Five data protection guidelines for business continuity

Storage expert Jon Toigo offers data protection guidelines to help storage admins achieve the best possible results when protecting data in their care.

In part three of his five-part series on the best tips for maximizing efficiency, Jon William Toigo covers data protection guidelines, including mirroring, tape backup and WAN-based replication technologies.

Along with managing storage performance and capacity, data storage administrators are usually called upon to devise ways to protect data placed in their charge. In the past, this was just a matter of making a copy of output data to one or more storage media targets -- to another array on the raised floor (to guard against a localized equipment failure) and/or to removable media subsequently transported off-site or to a stand of disk at the other end of a wide-area network (WAN) connection (to guard against an interruption event with a broader geographical footprint).

However, as the volume of data generated by businesses has grown over time, and the number of arrays used to store data has proliferated, the simple matter of establishing and following a set of data protection guidelines has become much more complex, challenging and costly.

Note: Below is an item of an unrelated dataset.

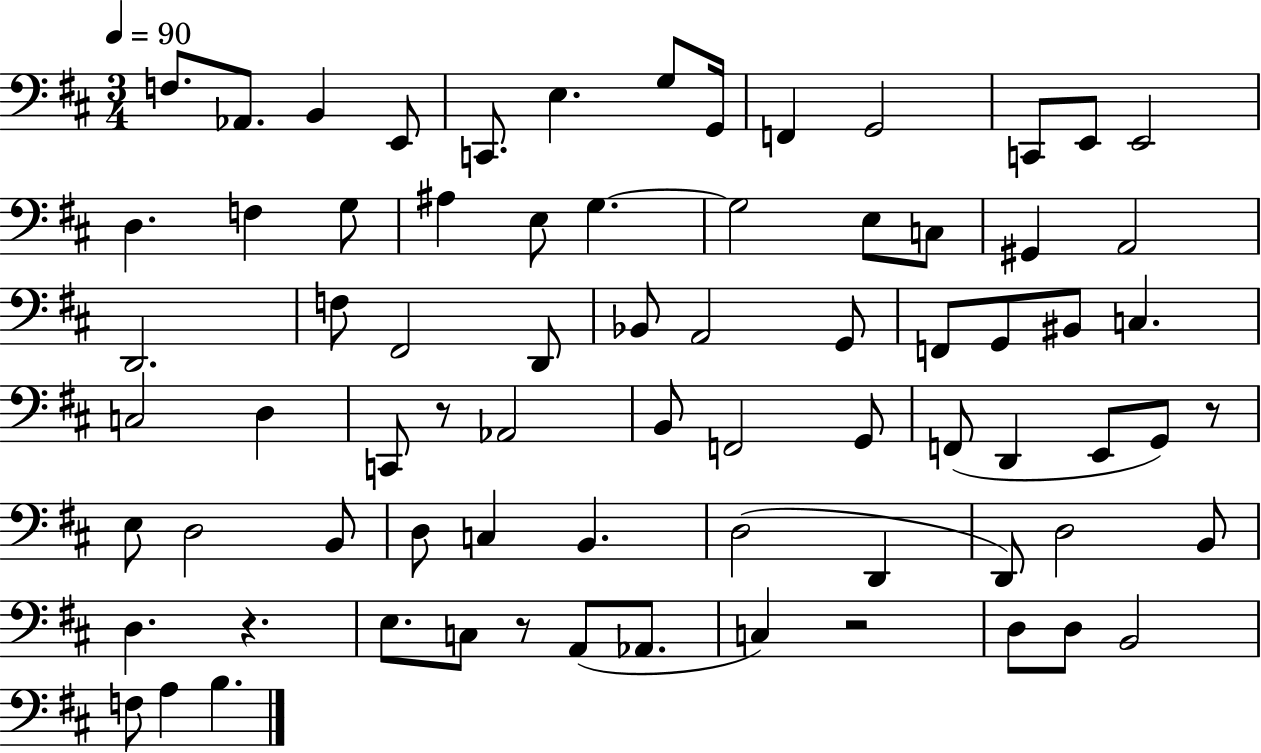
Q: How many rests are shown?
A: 5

Data protection efficiency is a gauge of how well administrators are coping with the protection of burgeoning data: assigning appropriate data protection methods to bits, testing and validating the solvency of their data protection techniques, and delivering "defense in-depth" in a budget-savvy way. Here are five guidelines for achieving higher data protection efficiency outcomes.

Data protection guideline 1: Lose the 'Tape Sucks' bumper sticker.

You would have to be living under a rock not to have heard the "tape is dead" pitch from array vendors. A massive marketing campaign has been waged by disk array makers since the late 1990s to promote disk-centric tape alternatives such as deduplicating virtual tape appliances that seems to have succeeded in shaping buyer perceptions and strategies.

Witness the latest reports from industry analysts: of the 20+ exabytes of external disk storage deployed by 2011, almost half the capacity was being used to make copies of the other half. In many companies, local-area network (LAN)-based mirroring has been augmented by WAN-based data replication, an entirely disk-based data protection methodology touted by array makers as the meme for data protection in the 21st Century.

Read the entire Toigo tip series on storage efficiency

Tips for efficient disk capacity allocation

Remove useless data with these capacity utilization techniques

Data storage techniques for a green data center

How to solve storage performance issues

While array-to-array mirroring and replication may be appropriate as a data protection method for some data, it's by no means a sensible strategy for all data. This observation derives from a fundamental point: Data inherits its criticality from the business process whose applications and end users it supports. Not all business processes require "always on" failover-based recovery strategies, which tend to be the most expensive approach to recovery. Those that do "may" be well-served by WAN-based mirroring, but even this isn't a full solution to the problem of data protection (see below).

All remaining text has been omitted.